What does physics sound like? To answer that question, Colin Hunter of Canada’s Perimeter Institute for Theoretical Physics has put together a collection of sounds associated with physics experiments and theory. Not surprisingly, the collection includes the now-famous “chirp” of gravitational waves produced when two black holes become one (see above video). Also in Hunter’s collection are the bird-like song of electrons whizzing through Earth’s van Allen radiation belt and audio simulations that highlight the differences between two theories of gravity
A carnival procession is one event where you are guaranteed to hear a cacophony as different bands march past. The physicist Michael Schreckenberg at the University of Duisberg and colleagues are big fans of the Cologne Rose Monday parade and have even written a paper about its dynamics. Using GPS data from marchers, they worked out that people at the end of the parade moved along the route much faster than those in the lead – something that goes against conventional wisdom about how traffic jams form. They explain why in a paper in EPL: “Traffic dynamics of carnival processions”.

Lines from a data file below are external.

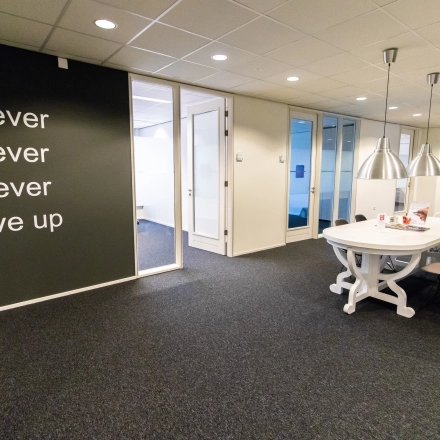 Kantoorruimte op Hullenbergweg 278, Amsterdam Zuid-Oost met een inspirerende muurtekst, moderne inrichting en vergadertafel. Ideale locatie voor kantoorruimte huren.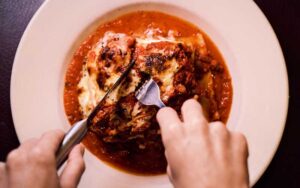 hands cutting parmigiana at pizzalleys chianti room st augustine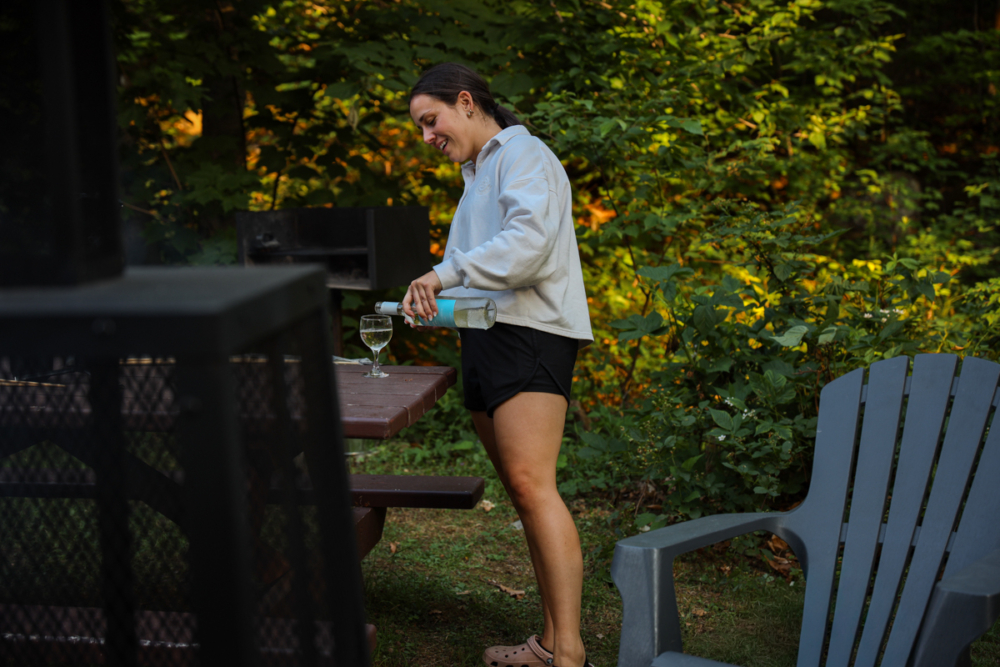 Personne préparant un repas sur la terrasse d’un chalet de Chalets Lanaudière, entourée d’arbres et de verdure.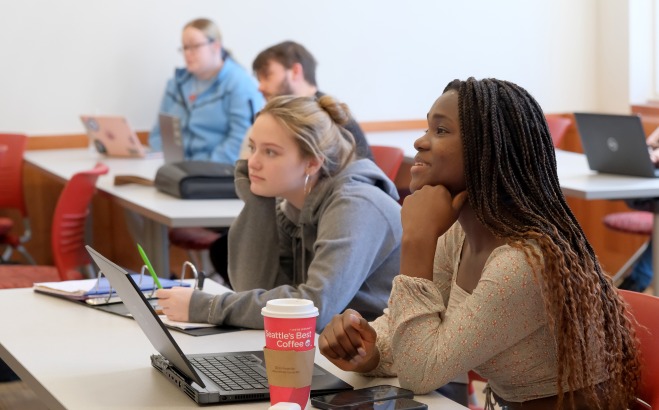 Two female students sitting in a classroom with others in the background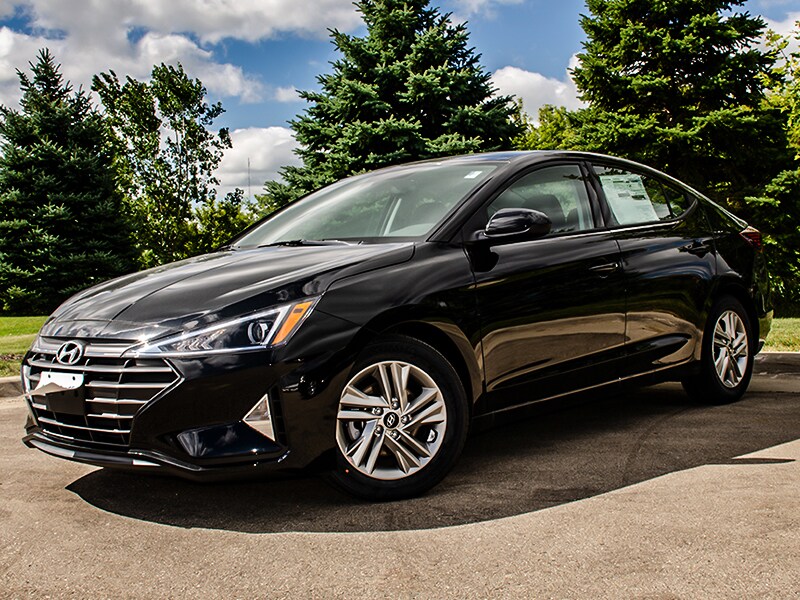 2020 Black Hyundai Elantra parked next to trees
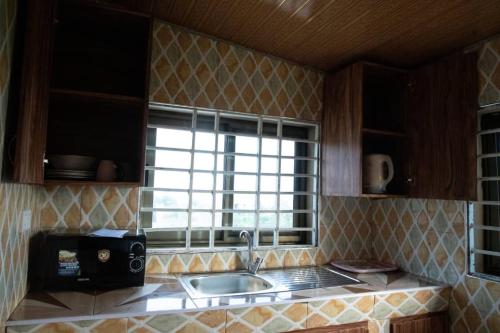 cocina con fregadero y ventana en Holly House, en Accra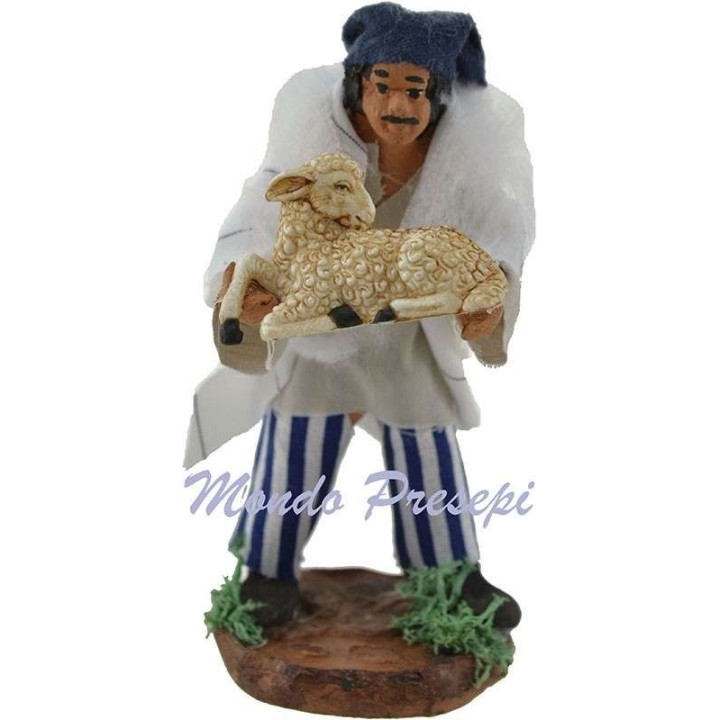 Man with sheep in arm cm 10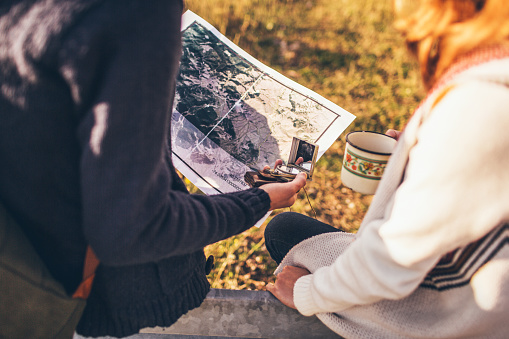 Young couple is using a compass and maps for orientation in the wilds, while resting by the road and drinking tea from the pot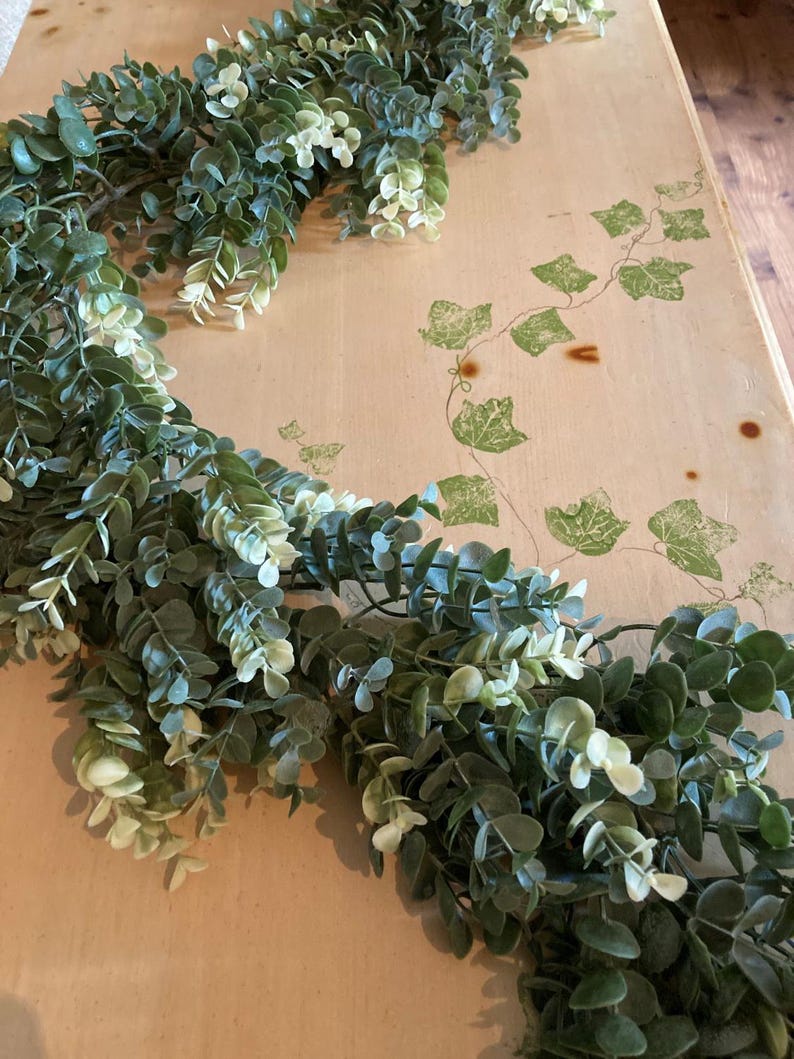 May include: A green and white eucalyptus garland, with small, round leaves, is draped across a light-colored surface. The garland is a mix of dark and light green, with some white accents. The surface has a vine pattern.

Before you watch Solo – the latest instalment of the Star Wars saga – you might want to read “Versions of Han Solo’s blaster exist”, the latest attempt to get people interested in physics by appealing to their love of Star Wars. Written by Martin Archer, who is a space plasma physicist at Queen Mary University of London, the article explains how the “blasters” ubiquitous in Star Wars films could be firing blobs of plasma – and how similar systems have been created here on Earth.
I bet Han Solo gets revved up for a day of adventures with a double shot of espresso. Physicists at the Paul Scherrer Institute in Switzerland have used neutrons to make a fantastic movie of coffee being made in a mokka.